E il referendum monarchia-repubblica del 1946 fu inficiato da brogli?
«Lo ammise persino Giuseppe Romita, ministro dell'Interno, in un libro uscito postumo 13 anni dopo. Nella notte dello spoglio, i monarchici erano avanti di 400.000 voti. Romita telefonò allarmato a Pietro Nenni e a Palmiro Togliatti, ministro della Giustizia. Quest'ultimo, astutissimo, aveva suddiviso l'Italia in 31 circoscrizioni, mettendoci a capo uomini di fiducia. I risultati affluivano al suo dicastero. Alla fine saltarono fuori 2 milioni di schede in più, non dico altro. La verità è che quel referendum non lo vinse nessuno, perché venne addirittura a mancare il quorum. Togliatti, interpellato dalla Cassazione sui voti nulli, arrivò al punto di dichiarare che non ce n'erano. È a verbale. Dopo 48 ore, siccome la Corte suprema non demordeva, il leader comunista ne fece saltar fuori 1.498.136 e il Consiglio dei ministri, nella notte fra il 12 e il 13 giugno, tolse i poteri costituzionali a re Umberto. Questo non gli era consentito, perché la Cassazione si sarebbe pronunciata solo sei giorni dopo. Fu un colpo di Stato per impedire il ricontrollo delle schede».
Che compiti ha la Consulta dei senatori del Regno?
«Ristabilire la verità storica su Casa Savoia. Esempio: si accusa Vittorio Emanuele III di aver consegnato il potere a Benito Mussolini, nominandolo capo del governo. Ma nessuno mai ricorda che il re fece 27 tentativi, diconsi 27, per affidare l'incarico a un primo ministro diverso, l'ultimo dei quali il giorno stesso in cui si rassegnò a darlo al Duce, dopo aver chiesto invano al senatore Antonio Salandra di formare un nuovo esecutivo. Si dimentica che il primo governo Mussolini, pur avendo il Partito fascista 35 deputati in tutto, ebbe 306 voti a favore, 116 contrari e 7 astensioni. Votò la fiducia persino De Gasperi. In altre parole il dittatore fu eletto democraticamente dal Parlamento. Che c'entra il re?».

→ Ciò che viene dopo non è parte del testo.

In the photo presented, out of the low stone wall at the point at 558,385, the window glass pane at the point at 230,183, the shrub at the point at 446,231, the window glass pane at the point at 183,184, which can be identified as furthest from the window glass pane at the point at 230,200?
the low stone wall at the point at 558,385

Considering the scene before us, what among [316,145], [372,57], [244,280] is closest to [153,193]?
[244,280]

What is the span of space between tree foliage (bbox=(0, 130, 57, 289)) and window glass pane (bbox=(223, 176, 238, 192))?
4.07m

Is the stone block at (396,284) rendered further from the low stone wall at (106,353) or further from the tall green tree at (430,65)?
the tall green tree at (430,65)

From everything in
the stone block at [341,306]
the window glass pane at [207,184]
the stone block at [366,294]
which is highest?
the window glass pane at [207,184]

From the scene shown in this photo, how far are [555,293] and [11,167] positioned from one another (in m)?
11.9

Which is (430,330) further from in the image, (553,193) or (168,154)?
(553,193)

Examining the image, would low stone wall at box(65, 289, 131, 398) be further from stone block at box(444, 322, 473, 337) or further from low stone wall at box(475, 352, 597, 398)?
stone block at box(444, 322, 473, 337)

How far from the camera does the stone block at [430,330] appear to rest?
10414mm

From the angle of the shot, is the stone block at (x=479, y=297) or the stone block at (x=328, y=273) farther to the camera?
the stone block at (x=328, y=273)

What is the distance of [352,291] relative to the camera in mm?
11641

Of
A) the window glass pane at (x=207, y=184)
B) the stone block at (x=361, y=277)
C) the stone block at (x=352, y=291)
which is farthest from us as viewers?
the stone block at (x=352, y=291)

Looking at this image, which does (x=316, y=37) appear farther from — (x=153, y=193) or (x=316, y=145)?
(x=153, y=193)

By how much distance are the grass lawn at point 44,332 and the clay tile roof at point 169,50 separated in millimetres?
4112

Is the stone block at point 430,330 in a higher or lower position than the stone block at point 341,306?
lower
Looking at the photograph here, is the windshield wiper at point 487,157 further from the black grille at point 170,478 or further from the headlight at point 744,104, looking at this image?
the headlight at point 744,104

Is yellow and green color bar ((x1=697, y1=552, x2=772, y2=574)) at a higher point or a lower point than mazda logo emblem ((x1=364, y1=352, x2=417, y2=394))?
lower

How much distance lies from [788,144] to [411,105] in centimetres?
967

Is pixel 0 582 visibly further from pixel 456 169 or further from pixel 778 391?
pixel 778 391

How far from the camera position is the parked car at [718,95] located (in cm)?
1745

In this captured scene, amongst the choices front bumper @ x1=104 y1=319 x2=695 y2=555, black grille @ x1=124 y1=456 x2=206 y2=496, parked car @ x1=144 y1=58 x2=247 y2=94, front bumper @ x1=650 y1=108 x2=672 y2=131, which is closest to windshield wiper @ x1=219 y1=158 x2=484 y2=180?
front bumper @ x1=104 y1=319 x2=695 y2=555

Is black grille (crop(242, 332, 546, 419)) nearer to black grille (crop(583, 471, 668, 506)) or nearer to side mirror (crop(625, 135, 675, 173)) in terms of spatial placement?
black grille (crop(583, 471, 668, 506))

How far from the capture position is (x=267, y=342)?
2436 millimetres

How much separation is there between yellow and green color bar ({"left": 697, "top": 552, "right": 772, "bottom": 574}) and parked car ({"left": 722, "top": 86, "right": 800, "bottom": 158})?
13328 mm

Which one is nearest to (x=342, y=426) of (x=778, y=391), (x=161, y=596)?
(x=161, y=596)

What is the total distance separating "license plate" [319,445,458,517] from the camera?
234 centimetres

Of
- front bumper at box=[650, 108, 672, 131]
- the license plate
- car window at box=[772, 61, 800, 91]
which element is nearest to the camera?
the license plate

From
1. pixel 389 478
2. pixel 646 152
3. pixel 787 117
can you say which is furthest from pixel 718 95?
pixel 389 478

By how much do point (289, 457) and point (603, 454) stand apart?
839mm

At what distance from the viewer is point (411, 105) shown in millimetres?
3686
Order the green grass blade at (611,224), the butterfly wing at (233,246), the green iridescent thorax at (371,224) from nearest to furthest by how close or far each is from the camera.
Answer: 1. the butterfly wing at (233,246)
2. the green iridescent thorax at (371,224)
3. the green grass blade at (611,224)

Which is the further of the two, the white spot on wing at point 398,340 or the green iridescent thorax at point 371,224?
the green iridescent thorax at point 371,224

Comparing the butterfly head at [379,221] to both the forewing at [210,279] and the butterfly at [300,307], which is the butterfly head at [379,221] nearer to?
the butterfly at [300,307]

Ma dopo l'8 settembre 1943 scappò.
«Ringraziamo Dio che lo fece! Se non avesse raggiunto Pescara, e poi Brindisi, l'esercito avrebbe dovuto difenderlo e Roma sarebbe stata messa a ferro e fuoco dai nazisti. Non capisco: Pio IX nel 1848 scappa da Roma travestito da prete per rifugiarsi a Gaeta e lo beatificano; Giuseppe Garibaldi e Giuseppe Mazzini fuggono alla caduta della Repubblica romana e diventano eroi; i reali di Norvegia, Olanda, Grecia e Jugoslavia riparano all'estero dopo che i loro Paesi sono stati invasi dal nemico e nessuno li accusa di alcunché. Però tutti se la prendono solo con Vittorio Emanuele III».